Pasal 1(8) UU No. 30/2004 mengatur “Minuta akta adalah asli akta Notaris” sebagaimana dalam UU No. 2/2014 diubah menjadi “Minuta Akta adalah asli Akta yang mencantumkan tanda tangan Para Penghadap, saksi, dan Notaris, yang disimpan sebagai bagian dari protokol Notaris”. Berdasarkan pengertian tersebut berarti tanda tangan ketiga unsur/pihak tersebut harus ada dalam minuta akta. Substansi Pasal 1 (8) dalam UU No. 30/2004 dan UU No. 2/2014 berbeda. Dalam UU No. 30/2004, Pasal 1 angka 8 tersebut tidak menegaskan bahwa Minuta Akta harus mencantumkan tanda tangan Penghadap, yang berarti bahwa Penghadap boleh membubuhkan sidik jari baik yang mampu tanda tangan maupun yang tidak mampu untuk tanda tangan, ataupun Penghadap boleh mencantumkan kedua-duanya sebagai kehati-hatian Notaris. Namun, Pasal 1 angka (8) UU No. 2/2014 menegaskan keharusan mencantumkan tanda tangan sebagaimana tersebut diatas. Pasal 1 angka (8) UU No. 2/2014 tidak menegaskan mengenai Penghadap yang tidak mampu untuk tanda tangan. Namun, Pasal tersebut harus dihubungkan dengan Pasal 16 (1) c UU No. 2/2014. Pasal 16 (1) c UU No. 2/2014 mengatur “Dalam menjalankan jabatannya, Notaris wajib melekatkan surat dan dokumen serta sidik jari penghadap pada Minuta Akta”.
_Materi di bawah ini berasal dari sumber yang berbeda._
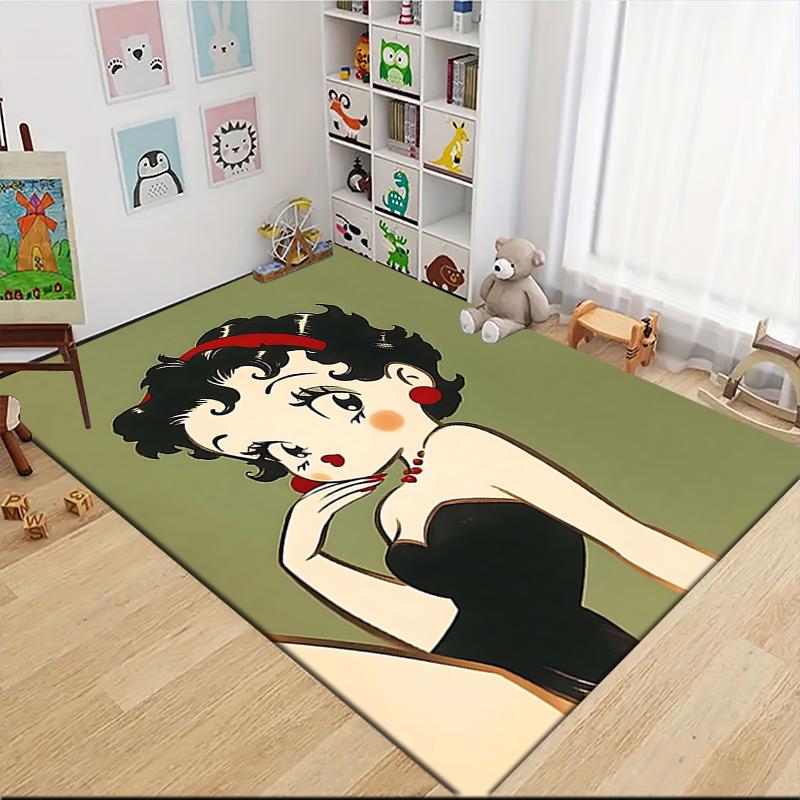 1Pc Betty Boop Dress Carpet Rug Customizable Soft Washable Antislip Home Living Room Sofa Mats Personalized Rug 09176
Pasal itu tidak tegas mengatur mengenai prosedur pembubuhan sidik jari apakah menggunakan minuta akta yang dilekatkan lembaran kertas tersendiri, selain itu juga tidak

dijelaskan mengenai siapa yang wajib membubuhkan sidik jari tersebut, apakah seluruh penghadap walaupun telah menandatangani minuta akta ataukah yang tidak mampu tanda tangan saja. Mengenai seluruh sidik jari tangan atau sidik jari tertentu saja yang digunakan juga tidak diatur dalam Pasal tersebut. Mengenai hal tersebut, terdapat beberapa pendapat atau penafsiran mengenai Pasal 16 ayat 1 (c), yaitu:

  • 1.    “Penghadap yang bisa tanda tangan tetap membubuhkan tanda tangannya pada lembar kertas/lembaran Minuta Akta, juga untuk membubuhkan sidik jarinya dengan penghadap yang tidak bisa membubuhkan tanda tangannya pada kertas/lembaran tersendiri (lembaran kertas yang sama atau dibuat untuk tiap penghadap) yang akan dilekatkan pada Minuta Akta yang bersangkutan. Dengan kata lain, untuk penghadap yang bisa tanda tangan, tetap membubuhkan tanda tangan dan sidik jarinya.

  • 2.    Penghadap yang bisa tanda tangan wajib membubuhkan tanda tangannya pada kertas/lembaran minuta, sedangkan yang tidak bisa tanda tangan harus membubuhkan sidik jarinya pada kertas/lembaran tersendiri yang akan dilekatkan pada Minuta Akta bersangkutan”14.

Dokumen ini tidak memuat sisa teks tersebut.